La société civile réclame l’adoption d’un nouveau Code de l’environnement pour minimiser l’impact de l’exploitation des ressources gazières et pétrolières au Sénégal sur la pêche. Ce Code devrait prendre en charge cet impact sur les activités agricoles qui nourrissent les Sénégalais.

Dans la perspective de l’exploitation des ressources gazières et pétrolières, le Sénégal a adopté un nouveau Code pétrolier en 2019 et gazier en janvier 2020. Cependant, le gouvernement n’a pas encore mis à jour le Code de l’environnement. Pourtant, ce texte fondamentalement attendu permettra de poser les contraintes environnementales fortes aux activités extractives. L’offshore sénégalais consacré pour l’essentiel jusqu’ici à la pêche, la mise à jour de ce Code a été plaidé hier par les acteurs de la société civile à travers un panel sur le thème «Répartition des ressources publiques, contenu local et gestion des impacts environnementaux dans les exploitations gazières et pétrolières».
D’ores et déjà, l’on signale l’inquiétude des communautés qui seront impactées par l’exploitation prochaine du gaz dans la région de Saint-Louis. «Les pêcheurs, qui sont les communautés directement impactées, sont extrêmement inquiets par rapport à l’exploitation offshore à Saint-Louis», a rapporté Papa Fara Diallo, coordonnateur régional de l’antenne Publiez ce que vous payez (Pcqvp) à Saint-Louis.
D’après une étude d’impact environnemental et social réalisée par la Direction de l’environnement et des établissements classés (Deec) et soumise à la Commission néerlandaise d’évaluation environnementale pour un avis, l’activité de pêche qui est toute une chaîne risque d’être durablement impactée par l’exploitation du gaz. La Com­mission néerlandaise avait recommandé à l’Etat du Sénégal, selon le coordonnateur adjoint de l’antenne régional Pcqvp, de n’autoriser le projet tant que certains manquements majeurs notés dans l’étude d’impact n’étaient pas corrigés. Parmi ceux-ci, l’absence d’analyse approfondie de l’écosystème marin pour mesurer l’impact par rapport à la faune marine.
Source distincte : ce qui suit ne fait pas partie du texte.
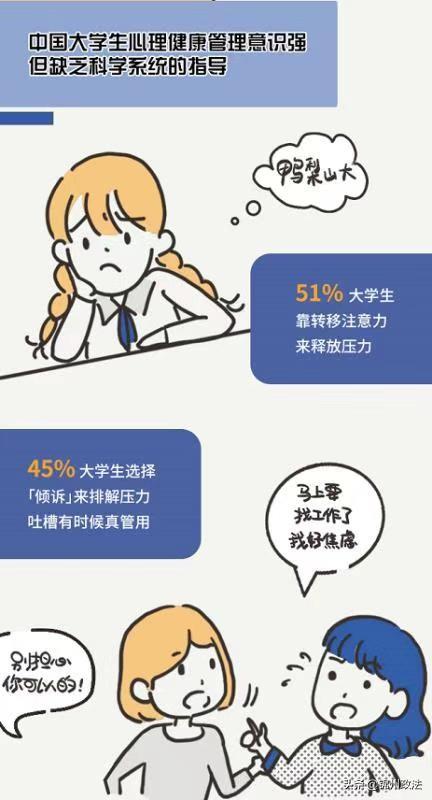 运动和睡眠同样十分沉关键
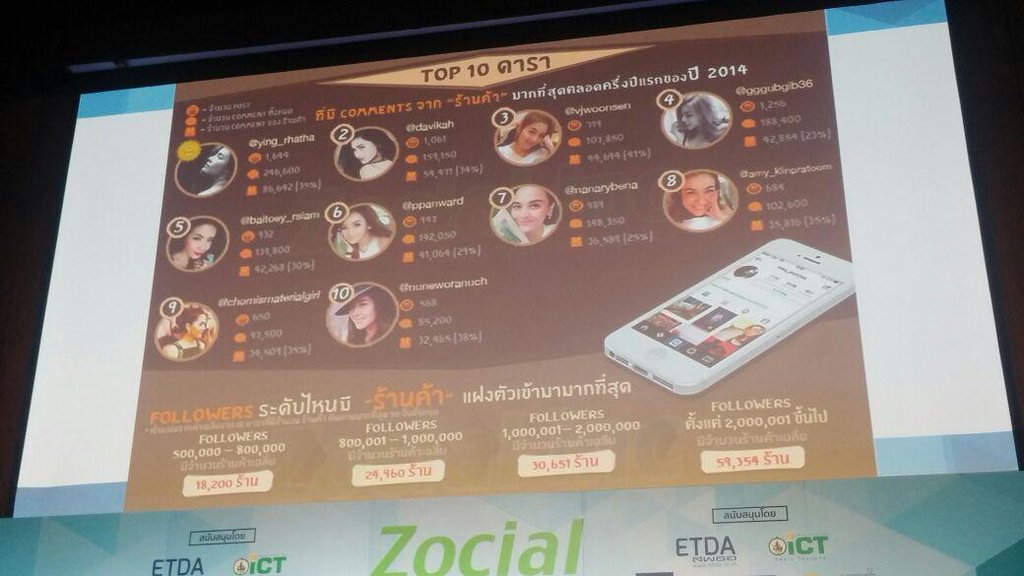 ดาราที่ถูกฝากร้านมากที่สุด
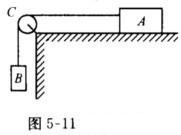 如图5－11所示，滑块A、重物B和滑轮C的质量分别为mA、mB和mC，滑轮的半径为R，滑轮对轴的转动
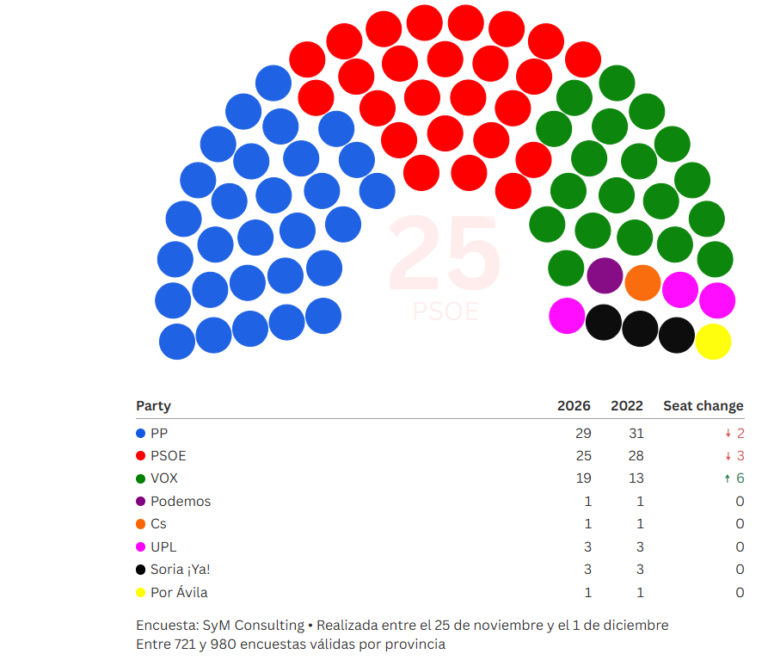 🦁 Encuesta autonómica CASTILLA Y LEÓN de SyM: El PP afianza su hegemonía ante una izquierda en retroceso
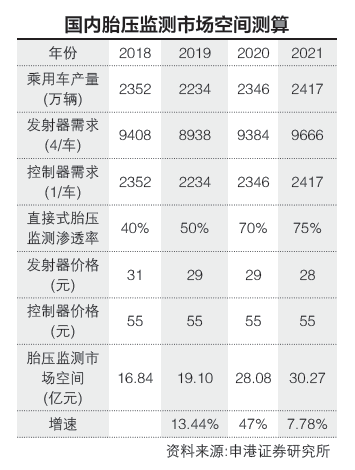 胎压监测迎政策东风 国产芯片如何杀出重围(图2)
Cependant, «avant que la Commission néerlandaise ne donne son avis, le gouvernement du Sénégal a pris la décision d’accorder le quitus environnemental, d’onc d’autoriser l’exploitation du gaz offshore», regrette Papa Fara Diallo. A l’en croire, depuis la phase de prospection avec les fouilles sismiques, les lumières, le bruit qu’il y a en pleine mer, les poissons ont commencé à émigrer et se font rare. «Une étude récente de l’Inspection départementale de la pêche a montré qu’il y a eu des baisses dans les prises journalières. Les communautés de pêcheurs affirment que leurs débarquements journaliers ont drastiquement baissé», rapporte l’enseignant-chercheur en science politique à l’Université Gaston Berger.
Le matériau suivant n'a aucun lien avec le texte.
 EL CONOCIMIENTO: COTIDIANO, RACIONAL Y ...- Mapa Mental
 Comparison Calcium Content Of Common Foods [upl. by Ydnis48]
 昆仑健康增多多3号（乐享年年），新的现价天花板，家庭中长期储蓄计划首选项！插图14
Aucune forme de compensation pour les pêcheurs
La pêche génère plus de 200 milliards de francs Cfa pour l’Etat du Sénégal et emploie directement ou indirectement plus de 600 mille personnes, alors que le gaz va concerner environ 20 ou 30 mille personnes. «Comment faire pour que l’impact ne soit pas trop négatif et que la découverte du gaz et du pétrole ne délaisse pas les activités agricoles qui sont génératrices d’emplois, mais également de revenus», se demande Cheikhou Oumar Ba, directeur exécutif d’l’Initiative prospective agricole et rurale (Ipar), un think tank ouest africain. «Com­ment peut-on sacrifier une activité qu’on fait depuis plus de trois siècles et qu’on fera probablement si on le gère bien pendant très longtemps encore, au profit d’une ressource tarissable, non renouvelable», renchérit Papa Fara Diallo.
Il a par ailleurs regretté l’absence d’une quelconque forme de compensation pour les communautés impactées dans la loi sur la répartition des revenus. «Il n’y a pas de mesure de mitigation prévue pour juguler le manque à gagner en termes de production journalière et de compensation», dénonce M. Diallo.